5. La victoire de Syriza devait signifier la faillite prochaine de l'Europe toute entière, de la Grèce ou de l'euro. Il fallait écouter David Pujadas se promener à Athènes, en direct pour son journal télévisé, au lendemain de la victoire: " les touristes continuent à s’y promener comme si c’était un jour ordinaire". Sans grand rapport avec les élections grecques, l'euro avait déjà dévissé, il était temps pour nos exportations et le tourisme. Aux premières annonces du gouvernement Tsipras, la bourse d'Athènes dévisse aussi, -9% en une journée. Est-ce si grave ?
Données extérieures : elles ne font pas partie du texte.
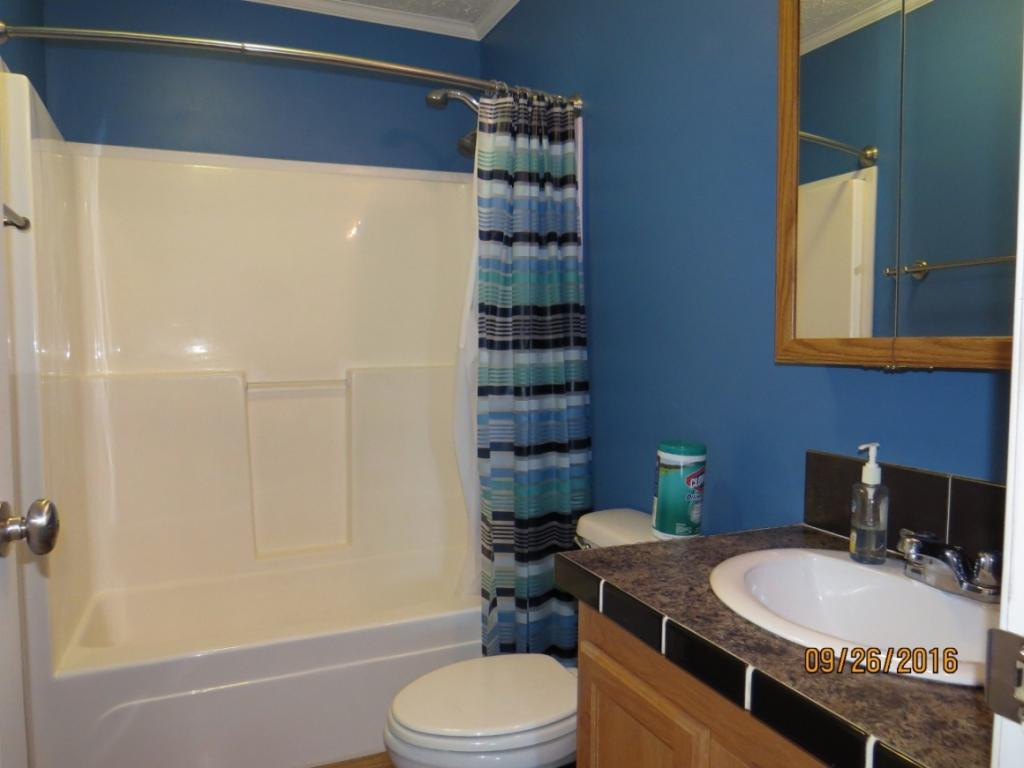 3630 Stone Mountain Road Coeburn, VA 24230 - Photo 26 of 36 2nd Bath
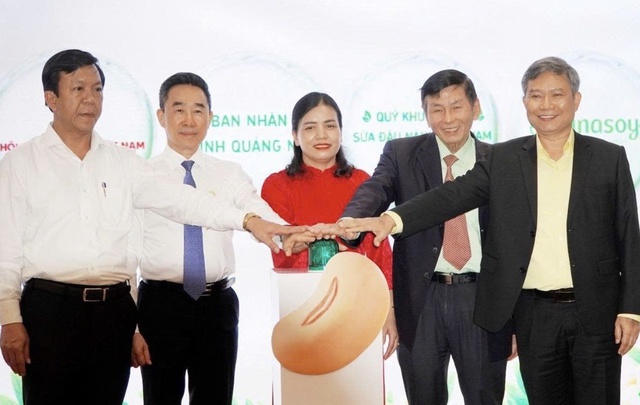 Chương trình sữa đậu nành tại Quảng Ngãi hỗ trợ học sinh tiểu học - Ảnh 1.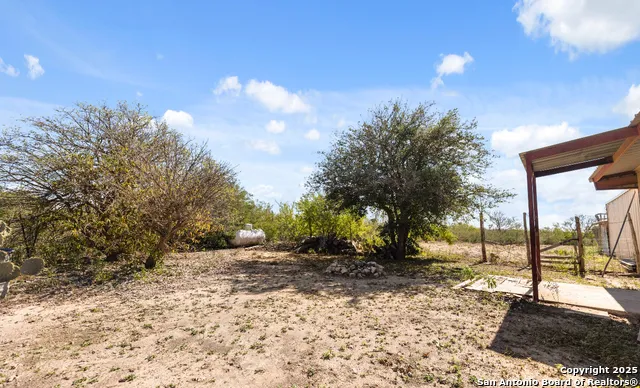 2198 CR 653 Devine, TX 78016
6. Refuser l'austérité serait un "saut dans l'inconnu". C'est, mot-mot-mot, l'un des autres commentaires époustouflants de notre notre Pujadas national: "comment les Grecs vivent-ils ce saut dans l’inconnu ?" Primo, la remarque témoigne d'une obéissance idéologique hors normes, mais déjà connue, de certains de nos commentateurs politiques. Secundo, l'austérité en vigueur en Grèce, qui a réduit les salaires d'un quart en 4 ans, fait bondir d'un tiers le nombre de suicides, propulsé un parti neo-nazi à la troisième place du podium législatif et multiplié par 7 le taux de pauvreté en 6 ans, tout en laissant filer la dette publique de 112 à 175% du PIB en 5 ans, n'était-il pas le véritable saut dans l'inconnu ? La destruction méthodique d'une démocratie européenne ?
7. Pour d'autres, la victoire de Syriza devait signifier la fin d'une utopie politique. En France, l'UMP s'est démarquée des autres formations politiques en cachant mal sa crainte et sa stupéfaction. L'austérité conservatrice locale était aussi son programme. D'autres, en Grèce ou ailleurs, assènent que le gouvernement Tsipras va rapidement se "conformer à la réalité". Que le gouvernement Tsipras ne trouvera pas les 12 milliards d'euros pour son plan humanitaire.
8. En refusant de rembourser pas la dette grecque, Syriza veut chiper près de 600 euros "dans la poche de chaque Français". Avez-vous jamais entendu un expert détailler comment a évolué la composition de la dette publique grecque ? Qui furent les premiers prêteurs ? Ou encore à quoi a servi précisément l'envolée de la dette grecque ? L'argument, gentiment naïf et franchement hypocrite, que l'on nous sert habituellement est que la Grèce doit rembourser ce qu'elle a emprunté pour financer des dépenses publiques incontrôlées. C'est un peu court. Les emprunts grecs ont progressé d'environ 50 milliards d'euros depuis 2008. Ils ont servi ... à rembourser les dettes précédentes souscrites auprès d'institutions privées. En particulier, les banques françaises et allemandes, généreuses prêteuses à l'Etat grec avant la crise, étaient en risque. Et la Troïka (BCE, FMI, UE) a substitué des prêts publics à ces financements privés.